[[ DATA SHOWN, beginning ]]

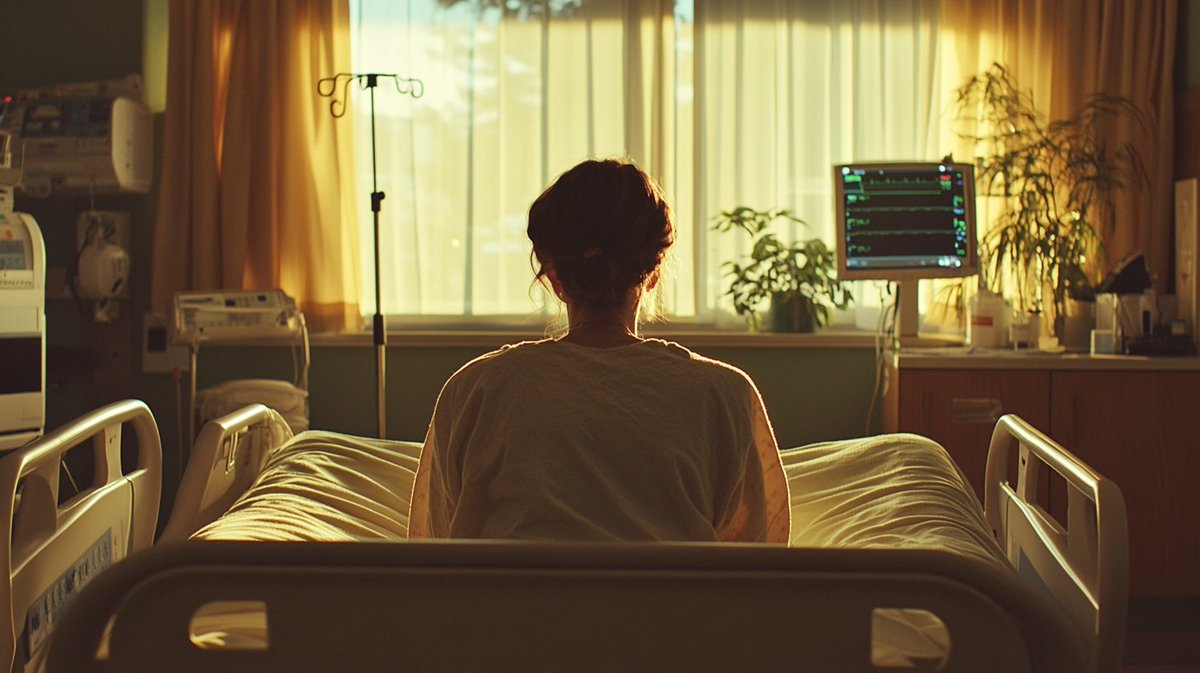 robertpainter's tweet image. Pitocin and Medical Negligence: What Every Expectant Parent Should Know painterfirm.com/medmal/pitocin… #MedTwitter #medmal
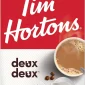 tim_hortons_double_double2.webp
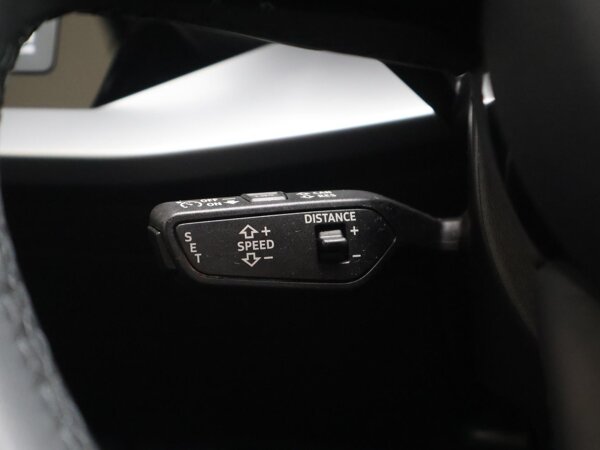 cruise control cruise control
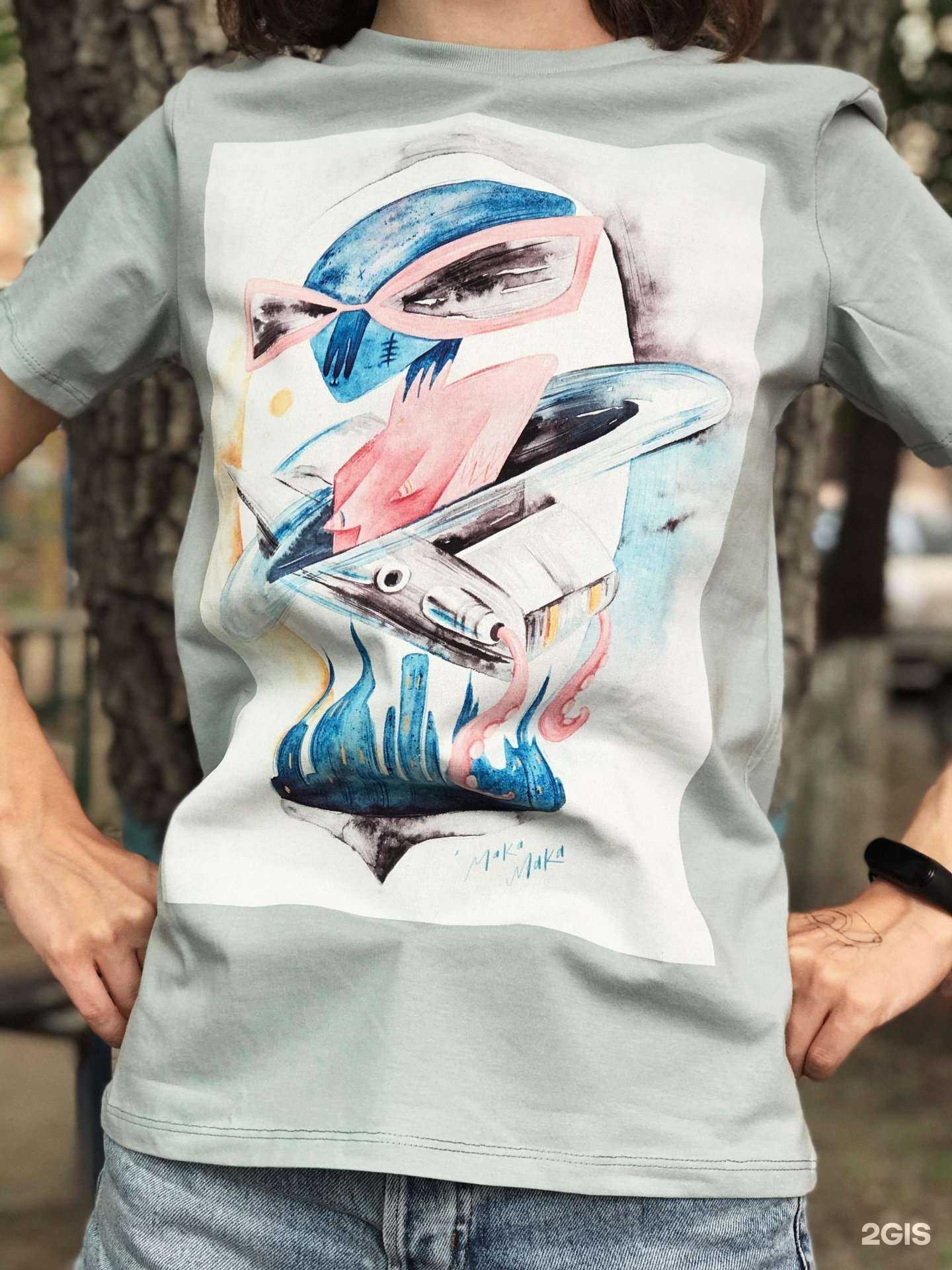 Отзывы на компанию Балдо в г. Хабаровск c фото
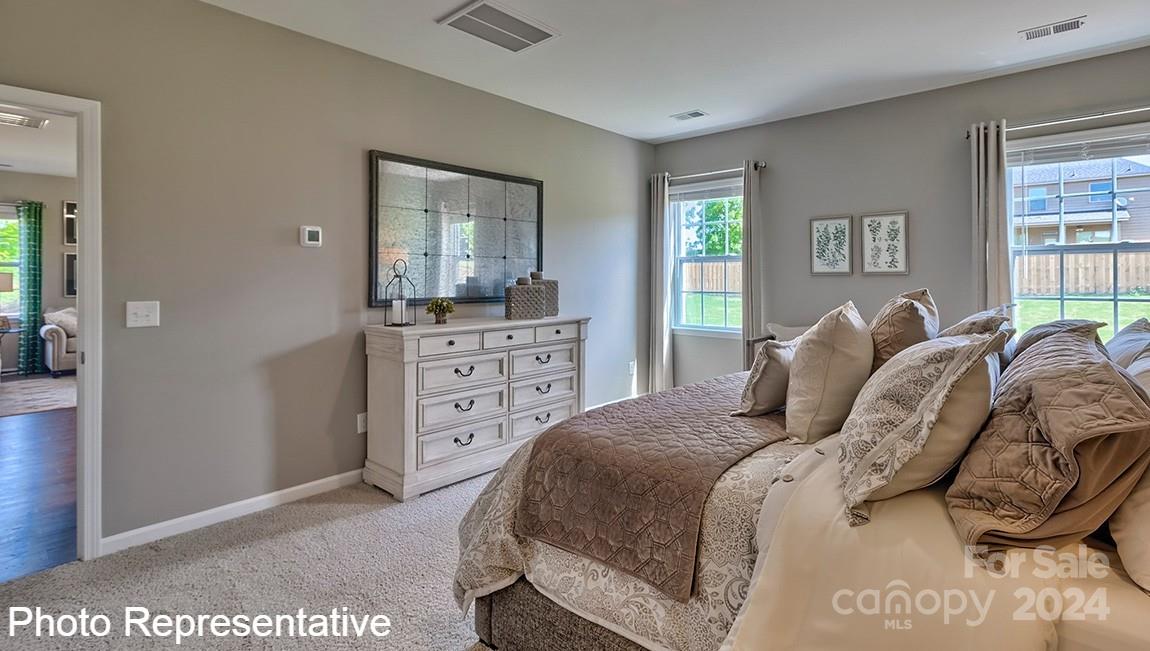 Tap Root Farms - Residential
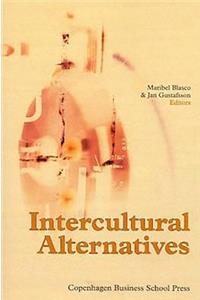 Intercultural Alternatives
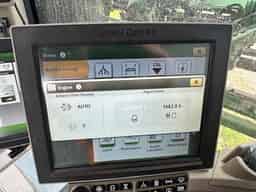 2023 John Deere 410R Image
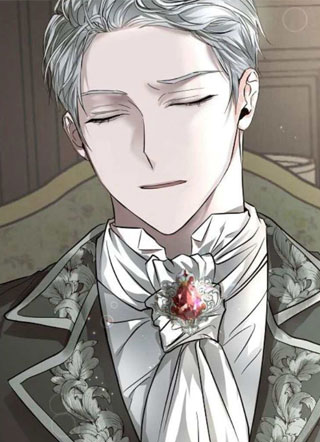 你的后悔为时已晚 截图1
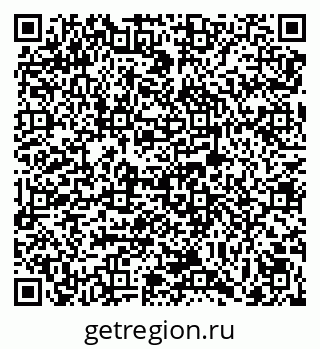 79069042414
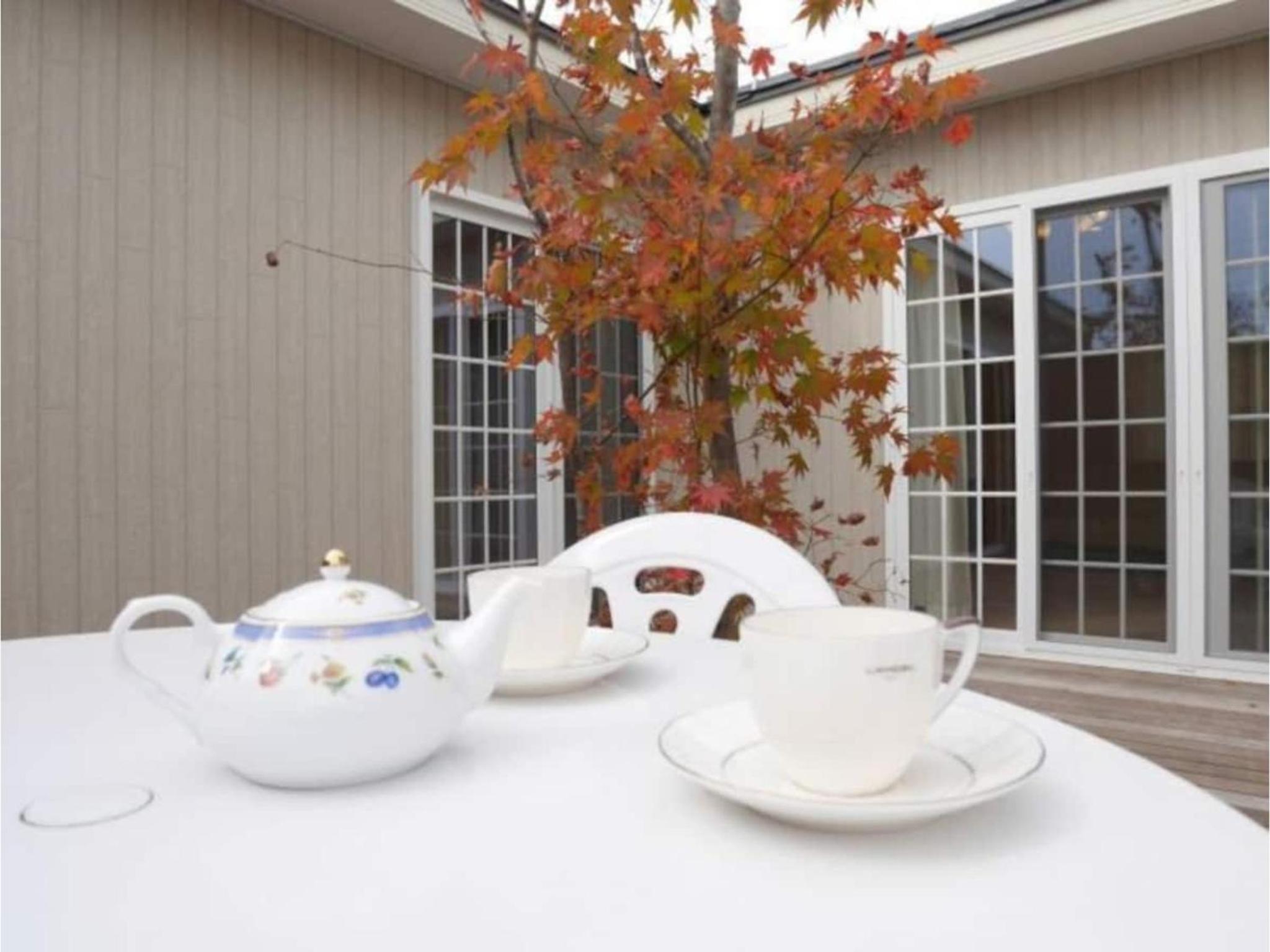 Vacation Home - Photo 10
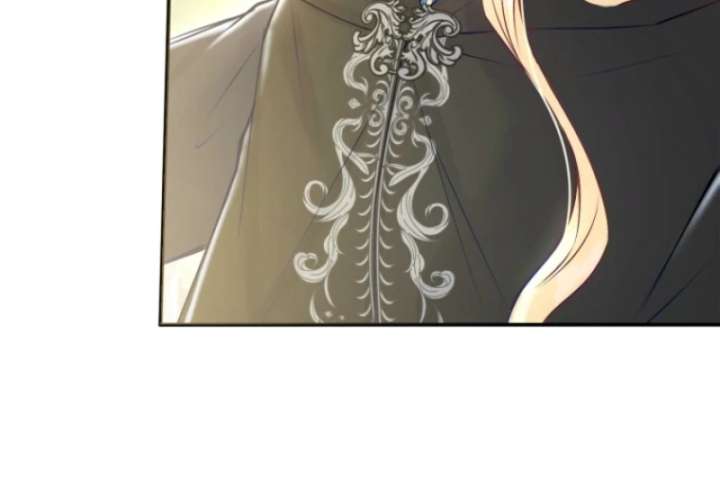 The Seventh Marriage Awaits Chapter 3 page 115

[[ DATA SHOWN, end ]]

WHAT YOU SHOULD DO: Please retype the lines from the one that contains "2023 John Deere 410R Image" to the final line of the records, both included, exactly as written and without any pictures.

EXERCISE RESPONSE:
 2023 John Deere 410R Image
 你的后悔为时已晚 截图1
 79069042414
 Vacation Home - Photo 10
 The Seventh Marriage Awaits Chapter 3 page 115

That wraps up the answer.